Опохмелясь и наевшись, я как-то вдруг приободрился, исполнился сил. И разгоряченный, охваченный гордыней, сказал, подбоченясь, небрежно раскидываясь на стуле:
— Да, да. Посмотрим! Я, кстати, собираюсь нынче утром зайти в здешний Союз Писателей. Хотите, чижики, — со мной?
— Хотим, — дружно согласились чижики.
— Ну, вот и ладно, — кивнул я, — выпьем за мою удачу! — И щелкнув пальцами, подозвал официантку:
— Еще по сто граммов каждому!
И потом — поворотясь к приятелям — добавил высокомерно:
— Только уговор: не суетиться, не шкодить! Вести себя пристойно. Все-таки надо понимать — куда идем!
Вскоре мы уже шагали по шумным, залитым январским солнцем, улицам города. Адрес удалось отыскать легко; его сообщили нам в первом же книжном киоске.
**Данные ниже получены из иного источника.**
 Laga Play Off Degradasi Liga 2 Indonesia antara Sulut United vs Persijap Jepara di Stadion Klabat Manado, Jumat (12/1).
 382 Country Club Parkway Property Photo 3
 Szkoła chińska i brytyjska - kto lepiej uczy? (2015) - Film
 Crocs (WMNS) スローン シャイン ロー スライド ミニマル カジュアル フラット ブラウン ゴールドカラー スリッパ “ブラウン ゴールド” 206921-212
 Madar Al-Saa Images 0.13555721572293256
И пока мы шли, продираясь сквозь людскую толчею, я перебирал в памяти те самые стихи, которые должны были быть отосланы в Красноярск Левицким. В тетрадке, оставленной у него, записано было немало! Там имелись (это мне помнилось отчетливо) тексты некоторых моих песен, а также — короткие пейзажные зарисовки, лирические миниатюры… Блатные и лагерные песни, как я понимал, пригодиться в данном случае не могли. Да и вряд ли их кто-нибудь смог бы здесь по-настоящему понять! Зато миниатюры годились для печати бесспорно. И я со вкусом повторял их мысленно, бормотал про себя: "В ночь росой обрызгана трава. Плачет рысь, да ухает сова. Свет зарниц загадочный и зыбкий. А меж хвойных лап такая мгла! Очень просто ночью, по ошибке, прикурить от вспышки рысьих глаз!" Вообще, если говорить о колорите, то в стихах моих преобладал, в основном, — ночной, какой-то тревожный… Я раньше не обращал на все это внимания. И теперь вдруг забеспокоился: а не помешает ли это? Не покажутся ли кому-нибудь стихи мои чересчур уж мрачными? В самом деле: какую вещь ни возьми — всюду та же палитра, одно освещение: "Слышишь? Козодой трубит в трубу. Наступает вечер, как солдат, — серый и зеленый, и во лбу у него — полярная звезда. И трубит, и в сумрачном дыму, плачет козодой среди чащобы… Он — поэт! Иначе для чего бы при луне всю ночь не спать ему?" Или вот такое, например, стихотворение; вроде бы уж не ночное, рассветное, но все равно, окрашенное в пасмурные тона: "Пролилось в распадок глухоманный молоко таежного тумана. На востоке звездочка слиняла. Сыростью пропахли зеленя. Ты навек, Сибирь, околдовала белыми туманами меня!"
А все-таки это неплохо звучит, — думал я. "Молоко таежного тумана". Или: "прикурить от вспышки рысьих глаз". Неужели они там, черт возьми, не оценят? Нет, не может быть — должны оценить, должны! Невольно предался я сладким мечтам, воображая, как все это будет, как произойдет… Вот я вхожу, представляюсь. Услышав мое имя, местные знаменитости тотчас обступают меня, цитируют мои вирши и дивятся: откуда он взялся, такой талантливый парень из народа?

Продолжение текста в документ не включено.